Berlin (AFP) – Away from the sleek bodies of the high-speed trains feted as Alstom and Siemens merge their rail operations, the deal will also create a less glamorous but highly-profitable railway signalling giant.
Alstom’s Train a Grande Vitesse (TGV) and Siemens’ InterCity Express (ICE) are the flagships of the French and German railway fleets — and among the innumerable squadrons of trains and trams turned out by the two firms’ factories.
But signalling — the subtle, hidden art of channelling hundreds of tonnes of rushing metal safely from A to B — is “a high-growth area” that has “contributed significantly to the value” banks have placed on the two firms, a European rail industry expert who asked not to be named told AFP.

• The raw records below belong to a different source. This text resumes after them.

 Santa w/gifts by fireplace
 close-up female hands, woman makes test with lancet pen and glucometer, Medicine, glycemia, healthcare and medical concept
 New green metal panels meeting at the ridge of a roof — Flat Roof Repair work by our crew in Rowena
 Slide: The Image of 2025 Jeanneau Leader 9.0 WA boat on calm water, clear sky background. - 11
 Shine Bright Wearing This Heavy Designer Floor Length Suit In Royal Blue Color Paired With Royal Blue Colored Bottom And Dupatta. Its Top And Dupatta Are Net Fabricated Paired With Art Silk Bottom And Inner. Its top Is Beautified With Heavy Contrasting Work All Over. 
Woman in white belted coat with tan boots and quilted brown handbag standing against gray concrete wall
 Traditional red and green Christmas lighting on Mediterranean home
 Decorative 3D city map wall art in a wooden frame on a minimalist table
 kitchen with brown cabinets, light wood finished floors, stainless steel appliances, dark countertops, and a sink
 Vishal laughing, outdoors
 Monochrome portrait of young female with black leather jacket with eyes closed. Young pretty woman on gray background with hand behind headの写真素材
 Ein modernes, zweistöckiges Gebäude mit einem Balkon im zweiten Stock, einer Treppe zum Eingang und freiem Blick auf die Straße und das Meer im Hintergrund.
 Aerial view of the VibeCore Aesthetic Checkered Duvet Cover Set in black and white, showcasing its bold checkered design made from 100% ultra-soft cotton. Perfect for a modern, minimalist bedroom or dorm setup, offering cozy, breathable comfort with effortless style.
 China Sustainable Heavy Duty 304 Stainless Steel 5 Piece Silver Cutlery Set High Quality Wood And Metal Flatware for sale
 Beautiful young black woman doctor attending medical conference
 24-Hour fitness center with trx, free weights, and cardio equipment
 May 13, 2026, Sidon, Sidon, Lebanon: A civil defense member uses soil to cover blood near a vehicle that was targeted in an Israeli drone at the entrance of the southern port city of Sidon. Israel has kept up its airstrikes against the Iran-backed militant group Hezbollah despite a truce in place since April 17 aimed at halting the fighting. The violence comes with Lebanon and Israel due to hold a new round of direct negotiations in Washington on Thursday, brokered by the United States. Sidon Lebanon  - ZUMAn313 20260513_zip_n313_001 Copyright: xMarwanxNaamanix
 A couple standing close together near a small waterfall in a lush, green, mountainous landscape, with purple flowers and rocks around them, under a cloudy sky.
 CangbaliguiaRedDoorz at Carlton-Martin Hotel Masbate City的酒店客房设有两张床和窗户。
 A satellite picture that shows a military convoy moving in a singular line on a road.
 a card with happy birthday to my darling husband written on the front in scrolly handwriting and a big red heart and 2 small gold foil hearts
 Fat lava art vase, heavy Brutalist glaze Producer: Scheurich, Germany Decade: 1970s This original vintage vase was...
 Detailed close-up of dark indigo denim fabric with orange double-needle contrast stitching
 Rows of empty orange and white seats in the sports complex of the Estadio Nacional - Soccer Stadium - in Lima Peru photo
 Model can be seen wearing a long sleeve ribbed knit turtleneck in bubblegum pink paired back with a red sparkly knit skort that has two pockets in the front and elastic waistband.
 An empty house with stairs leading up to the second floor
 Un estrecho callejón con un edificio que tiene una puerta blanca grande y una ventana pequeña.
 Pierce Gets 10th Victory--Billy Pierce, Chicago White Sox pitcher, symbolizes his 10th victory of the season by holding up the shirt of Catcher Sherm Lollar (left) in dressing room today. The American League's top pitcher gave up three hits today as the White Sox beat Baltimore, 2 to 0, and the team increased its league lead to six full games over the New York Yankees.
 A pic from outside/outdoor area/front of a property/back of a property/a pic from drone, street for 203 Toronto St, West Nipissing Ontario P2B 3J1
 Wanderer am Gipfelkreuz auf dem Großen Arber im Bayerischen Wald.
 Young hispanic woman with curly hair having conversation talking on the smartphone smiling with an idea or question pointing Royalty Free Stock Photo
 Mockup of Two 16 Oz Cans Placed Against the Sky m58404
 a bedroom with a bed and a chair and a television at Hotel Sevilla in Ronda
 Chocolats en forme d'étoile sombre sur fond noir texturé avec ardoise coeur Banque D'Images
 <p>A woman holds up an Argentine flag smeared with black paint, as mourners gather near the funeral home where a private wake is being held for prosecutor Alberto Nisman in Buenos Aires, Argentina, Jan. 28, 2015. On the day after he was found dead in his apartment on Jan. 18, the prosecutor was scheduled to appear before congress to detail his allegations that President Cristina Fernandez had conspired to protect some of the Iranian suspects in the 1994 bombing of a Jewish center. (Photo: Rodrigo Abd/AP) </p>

Once combined, Siemens and Alstom will control 30-34 percent of the global signalling market, far ahead of the 20 percent held by China’s CRSC, according to figures from France’s FIF rail industry federation and German consultancy SCI Verkehr.
Munich-based Siemens gobbled up Britain’s Invensys in 2013 to become the market leader, while Alstom bought General Electric’s signalling business in 2014.
In rolling stock, by contrast, even the Franco-German tie-up will remain smaller than China-based behemoth CRRC.
The difference between signals and rolling stock production is stark.
Construction of wagons and locomotives requires major investments into huge factories, which have been plagued by overcapacity for several years.
Signalling, meanwhile, is the work of small, mobile groups of engineers.
The technology is critical to rail manufacturers in two ways: it makes train travel safe and allows operators to run train or underground services more frequently, helping to serve the world’s increasingly dense urban landscapes.
And the power to squeeze more out of existing track comes at a price, with signalling firms often boasting profit margins in the double digits.
– Emerging markets goldrush –
Just like modern trains, today’s signalling has progressed far beyond its origins.
The future Siemens-Alstom plans to integrate the business into the dense web of services and technologies linked to rail that it dubs “mobility solutions,” ranging from automating away the driver to traffic scheduling.
A recent study from European rail federation Unife forecasts the market for such offerings will grow 2.9 percent per year between 2019 and 2021, compared with 1.9 percent annually for rolling stock.
In 2016, Alstom scored a 15-million-euro contract to install signals on the Qinghai-Tibet line in western China.
The French firm’s local joint venture is involved — often a necessary condition of setting up shop in China — but non-Chinese companies would likely have been shut out altogether from a contract for rolling stock.
For its part, Siemens has secured a niche in the epic scheme for a metro system in Saudi capital Riyadh, supplying 67 trains specially adapted for the heat on top of signalling, electrification and automated driving on two lines.
Such lucrative “turnkey” deals are frequent in emerging countries looking to splash out on infrastructure.
“Urban growth and major modernisations in Asia, South America and soon Africa” mean Siemens and Alstom should be able to tap into “very diverse markets,” the industry expert told AFP, as nations on the rise rush to ride the rails.